Aufgrund der stringentesten Reformen, die wir in der Geschichte der Industrienationen umgesetzt haben. Es gibt eine Daumenregel von Goldman Sachs. Je nach Flexibilitätsgrad einer Volkswirtschaft sind Reformen in der Größenordnung von ein bis zwei Prozent der Wirtschaftsleistung pro Jahr machbar, ohne das Gesamtkonstrukt zu gefährden. Wir haben in Spanien, Portugal und Irland über drei, vier Jahre Anpassungen von 2,5 bis drei Prozent der Wirtschaftsleistung umgesetzt. In Griechenlang lagen wir über vier, fünf Jahre bei vier bis fünf Prozent der Wirtschaftsleistungen. So etwas hat es in der Geschichte noch nie gegeben, das ist schmerzhaft in der ersten Phase der Anpassung.

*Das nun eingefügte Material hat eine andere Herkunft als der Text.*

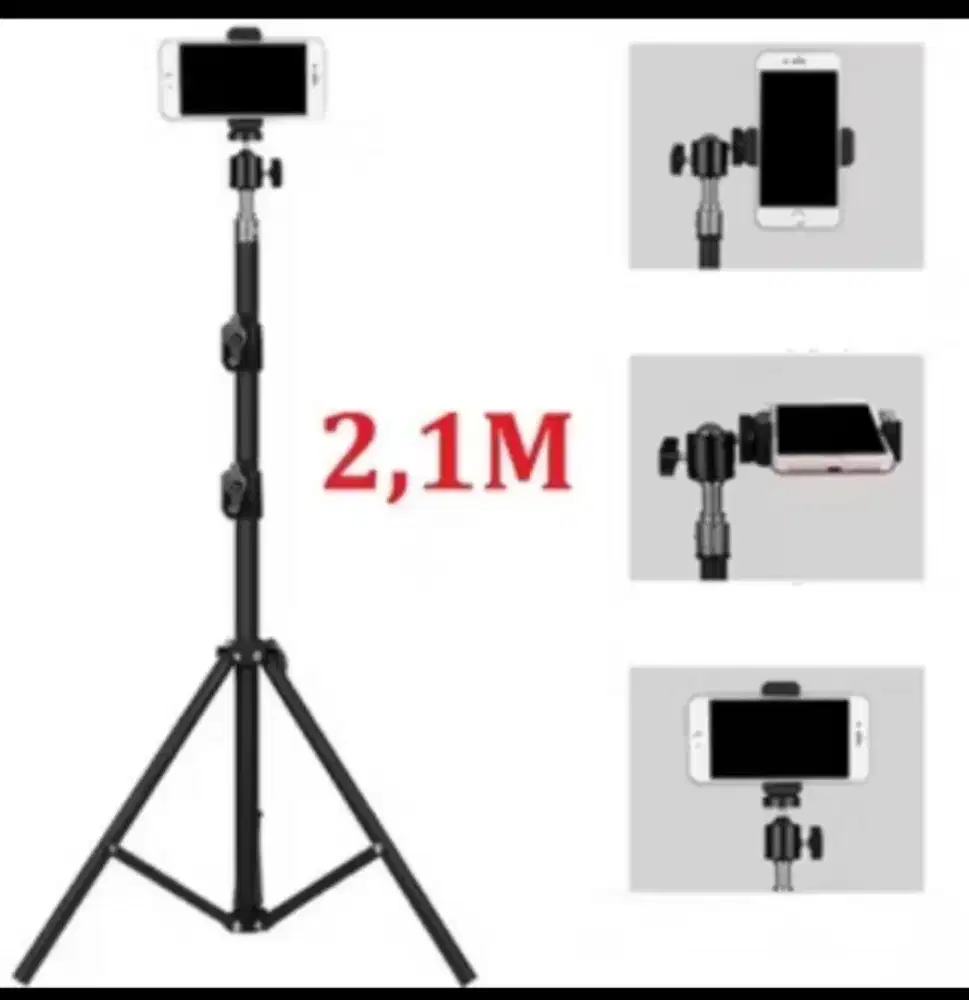 Tripod Minibest HP 2.1 M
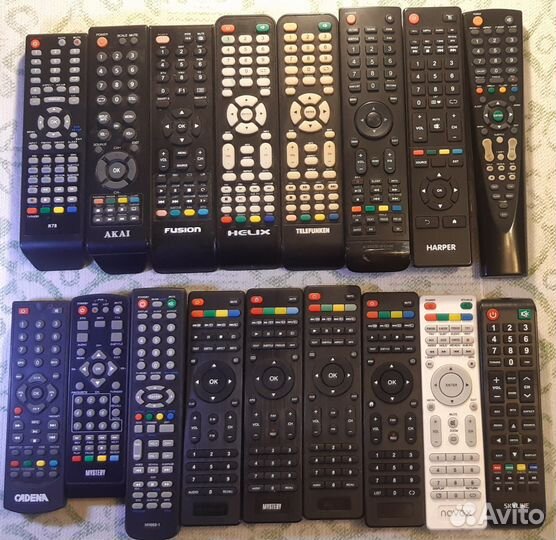 Тв Пульты оригинал Б.У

Schafft aber dann den Boden eben für nachhaltiges, selbst generiertes Wachstum. Und genau das erleben wir im Moment in der Eurozone. Schauen Sie auf die Wachstumstreiber in der Eurozone, das ist Irland mit knapp sechs Prozent, das ist Spanien mit mehr als drei Prozent, das ist Portugal mit zwei Prozent. Insofern kommt die Eurozone jetzt richtig in Fahrt. Und wir haben in Deutschland, das möchte ich hier betonen, bei den Auftragseingängen zum Beispiel, den größten positiven Impuls aus der Eurozone, der kommt nicht aus China, der kommt nicht aus den USA, der kommt aus der Eurozone. Und das ist Ausdruck der Reformpolitik. Leider – und das möchte ich an dieser Stelle ganz deutlich betonen – leider versagt meine Branche der Analysten und Volkswirte vollständig, diese Divergenz zwischen den konjunkturellen Entwicklungen und ihre Hintergründe der Öffentlichkeit klar zu machen. Denn dann hätten wir hier in der Eurozone ein viel breiteres Kreuz. Nicht nur als Finanzinvestor, sondern auch als Unternehmer und auch als Bürger der Eurozone. Das bedaure ich sehr.